# Aquatic Onion Bulb ( crinum thaianum ) will not grow



## gblaca (Jul 26, 2011)

I planted an Aquatic Onion Bulb ( crinum thaianum ) about a month ago and it will not grow. The outer layer of the onion bulb is gone so the bulb is white in color. It is planted about 1/4 of the way in my 20 gallon tank. I lifted it out of the gravel and there are still not roots - just the brown remnants cropped to the bulb of the old roots. The bulb is definitely not rotted. I have it planted in the back of the aquarium because I heard that when the leaves come out, they can get very long. 

I got these Aqua Plant Bulbs from Petco in a small package which says they are guaranteed to grow within 30 days, and 2 of the 4 Aponogetons and the Waterlily bulb did grow. 

________

Water conditions:

20 gallon freshwater tank

PH 7.6
Ammonia 1.0
Nitrite 0.50
Nitrate 2
Aquarium Salt about 1/2 teaspoon per gallon

(my tank is cycling again after use of Tetra Lifeguard for treatment of Ich in fish)

Lighting: 1 aquarium florescent GE plant light F15T8
_______

I do not want to remove the bulb - I want to stick with this to see if it will ever grow.

Can you make any suggestions to get this bulb to grow?


----------



## mudboots (Jun 24, 2009)

Funny that the bulb didn't sprout but the Apono's did; I had the opposite experience a long time ago.

The bulb will probably eventually spit out some leaves, but you may have some fish nibbling on the fresh growth as well.

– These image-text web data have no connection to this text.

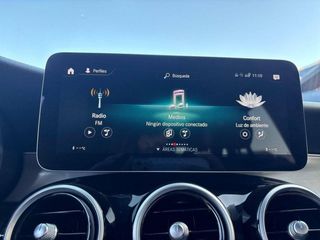 Mercedes-Benz GLC GLC 200 d 4MATIC -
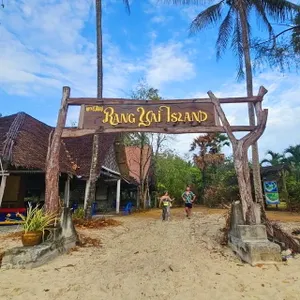 Phuket land for sell, Rang Yai Island, Phuket Province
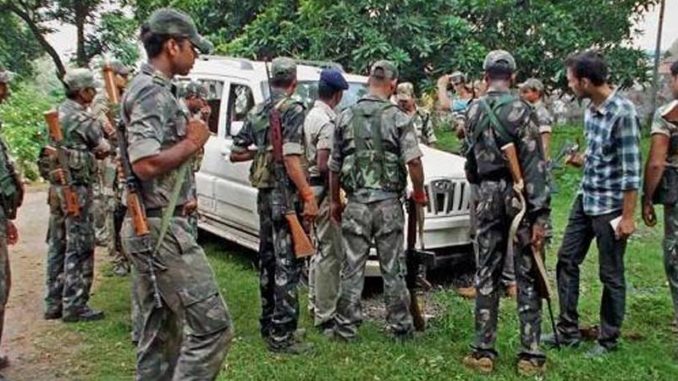 13 Naxals killed in encounter in Maharashtra's Gadchiroli, search operation underway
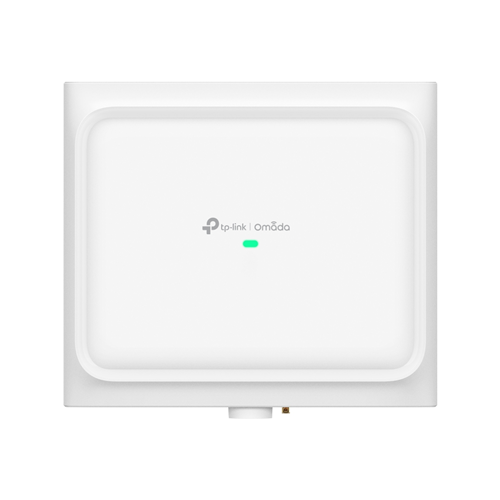AX3000 Indoor/Outdoor Dual-Band Wi-Fi 6 Access Point </br>PORT: 1&times; Gigabit RJ45 Port</br>SPEED: 574Mbps at  2.4 GHz + 2402 Mbps at 5 GHz</br>FEATURE: 802.3at PoE and Passive PoE, IP68 Weatherproof,  Built-in  30&deg; directional antenna, Mesh, Seamless Roaming, MU-MIMO, Band Steering, Beamforming, Load Balance, Airtime Fairness, Centralized Management by Omada SDN Controller, Omada App"</br>120 Degree Directional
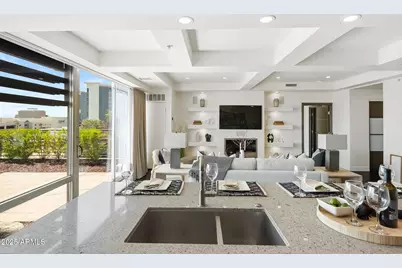 7157 E Rancho Vista Drive #6004, Scottsdale, AZ 85251 - Photo 5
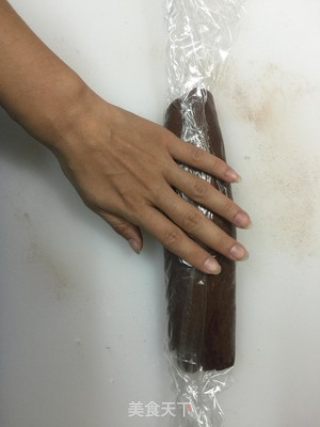 趣多多饼干的做法步骤：6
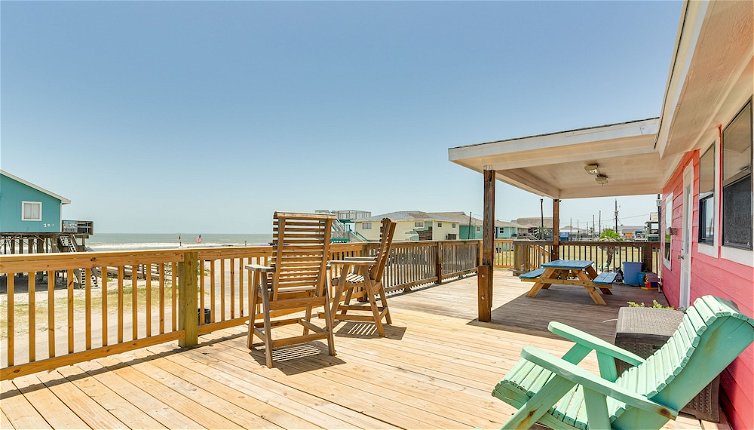 Photo 1 - Surfside Beach Vacation Rental w/ Oceanfront Deck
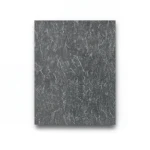 Italian Wall Covering Size 10m×1.06m, Dark Gray Color, Model 85018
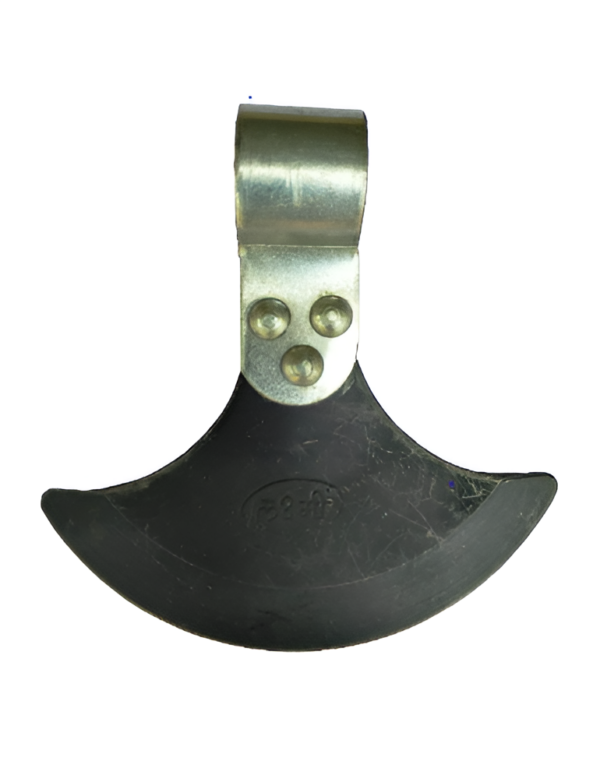 Heavy Duty 6 Inch Carbon Steel Axe with Handle - Image 2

I suggest not dosing salts into the aquarium. Most freshwater plants are only moderately tolerant of salt, and even those that are seem to grow better without it.


----------



## Kevin Jones (Apr 4, 2004)

the crinum genus needs a long period of time to develop its root structure. before it grows typically as long as 6-8 weeks even.


----------



## gblaca (Jul 26, 2011)

I pulled the aquatic onion bulb out of the sand. It is completely white because the outer brown layer has come off, but there still are no roots at all - only some brown remnants (cut back completely) from when the bulb was dried out. It will be interesting to see if anything happens in the next 4 weeks, since that will take it beyond 8 weeks.


----------



## Kevin Jones (Apr 4, 2004)

every time you move it, reset the counter, plant it and leave it alone for up to 2 months


----------



## gblaca (Jul 26, 2011)

It had a horrible smell and I think it was rotting, so I removed it.


----------



## Kevin Jones (Apr 4, 2004)

it does happen sometimes. that genus of plants develop extensive root structures. one established the grow rapidly

root tabs do them well


----------